Without including the images, transcribe each record precisely as it appears below.

■ ■ ■

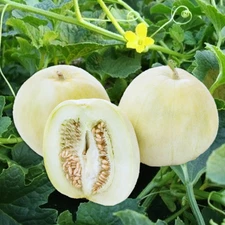 Bai Mibao Asian Melon Seeds - For 2025 Planting White Thin-Wall Muskmelon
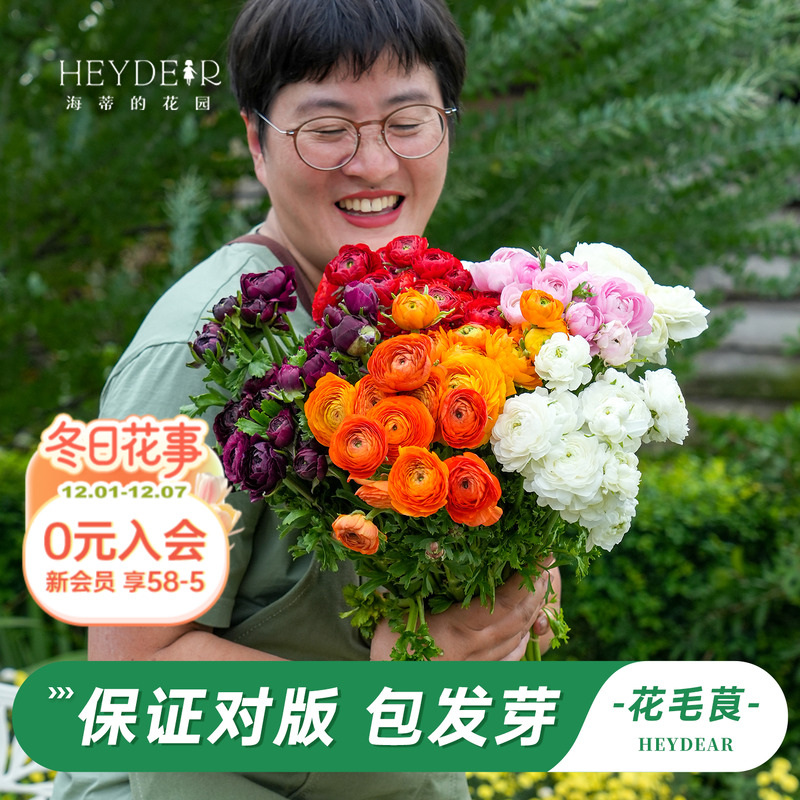 花毛茛进口种球花色丰富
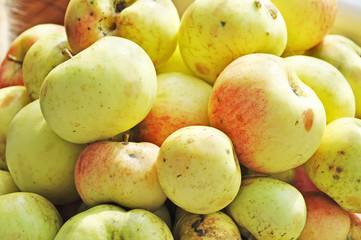 yellow apples background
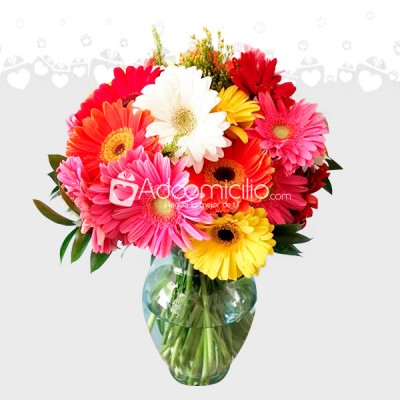 ARREGLO FLORAL DE GERBERAS CDMX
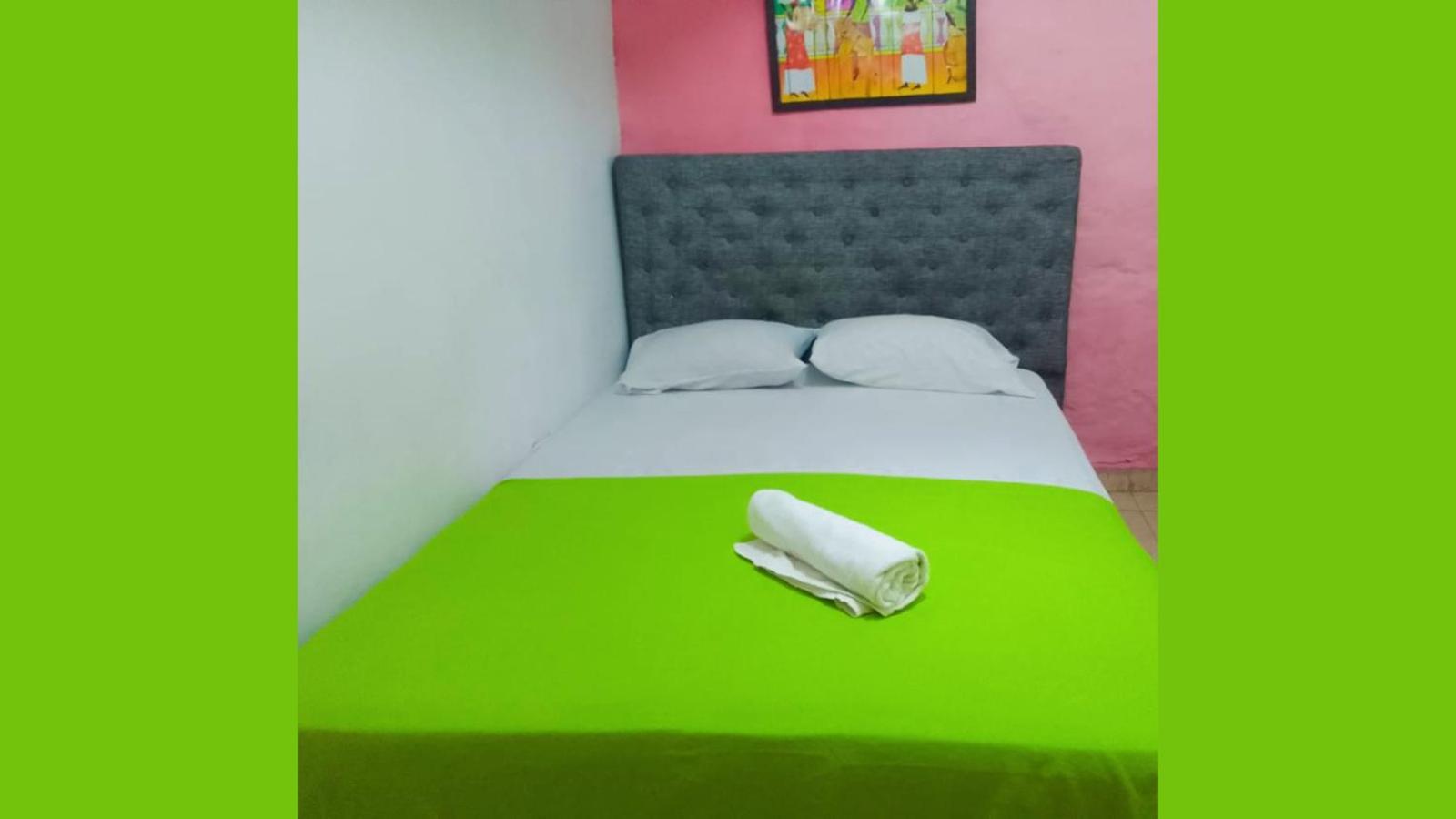 Guest house New Iguana House *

■ ■ ■

ANSWER FOR THE TASK:
 Bai Mibao Asian Melon Seeds - For 2025 Planting White Thin-Wall Muskmelon
 花毛茛进口种球花色丰富
 yellow apples background
 ARREGLO FLORAL DE GERBERAS CDMX
 Guest house New Iguana House *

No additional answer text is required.